Uma Gowrishankar: I write at my table in my room. It is an old teak table that I brought from my parents’ home. The table is at the window that overlooks my terrace garden which teems with butterflies, bees and dragonflies. I live in an intensely populated locality, but my apartment and my room is tucked away from the din and noise, and this garden gives me a piece of quietness to work.
LD: How often do you write and for how long? What time of day?
UG: I have a 9 to 5 job as education consultant. Fortunately I can quickly slip into my writing, so I manage snatches of writing even through my working day. I write in the evenings between cooking for family and yoga. Basically I am a night person, I stay up late and write. During the weekends I write for full days, getting myself only a few hours of sleep.
LD: What is your favorite exercise that gets the words flowing?
a painting of her writing space by Uma Gowrishankar |
LD: What color is your writing process? Do explain.
UG: I am glad you asked me this question. Being an artist I navigate my life through color codes. My writing process on most days is green color - the green you find under water, turbid at the bottom and luminous at the surface.
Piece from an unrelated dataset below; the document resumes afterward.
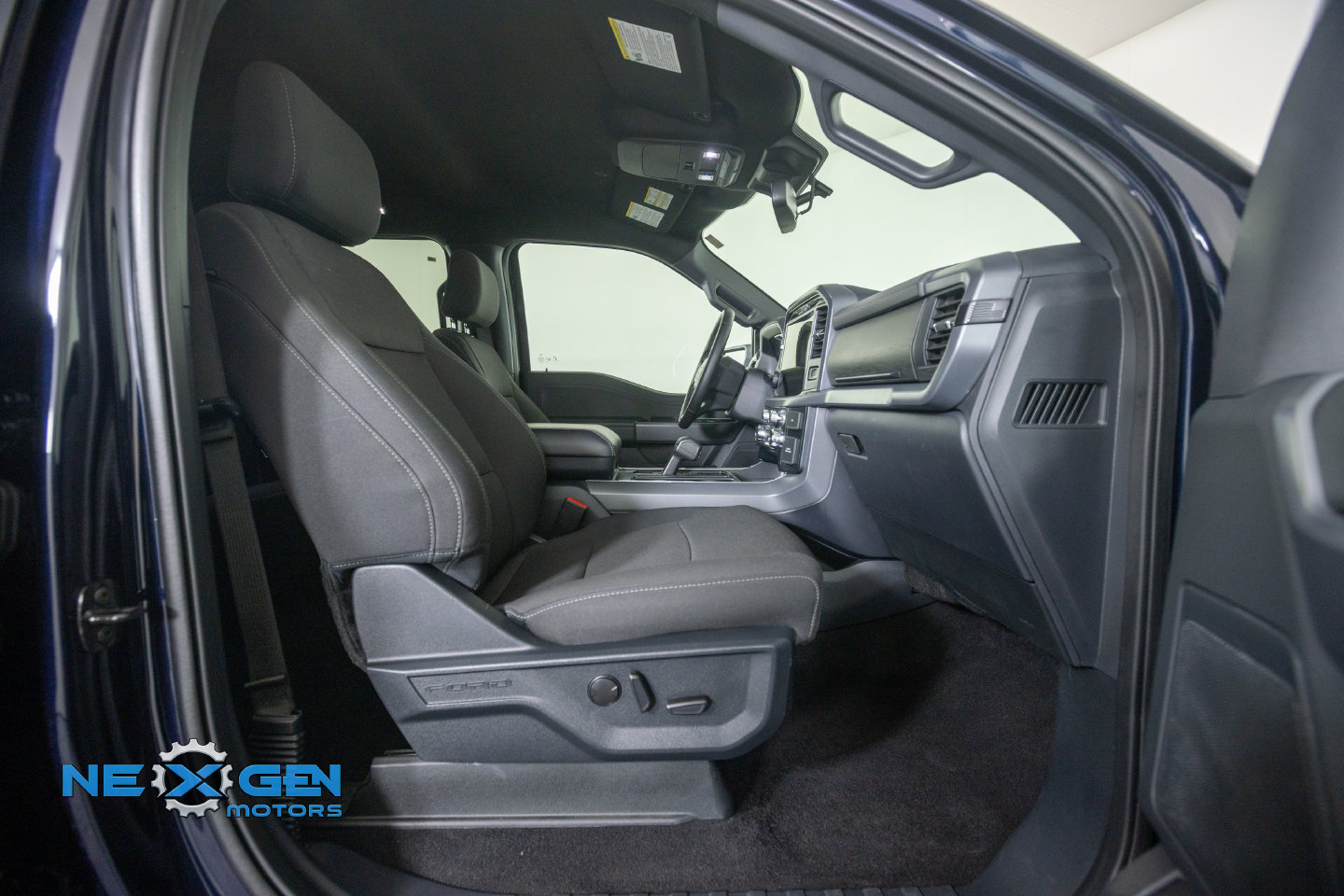 Used 2025 Ford F150 XLT w/ Equipment Group 302A MID AWD/4WD image 7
On certain days it could be warm ochre, the ochre of a mango fruit in the market in Chennai.
LD: How do you motivate yourself to write? Chocolates? Self-flagellation? Coffee on an IV drip?
UG: Oh, none of these! Reading motivates me the best, it could be poetry, prose or novel. Words strung exquisitely make me restless to put aside whatever I am reading, to get to the computer to write. My work table has books splayed open on their spine beside my computer where I write. Yes, I can read and write at the same time!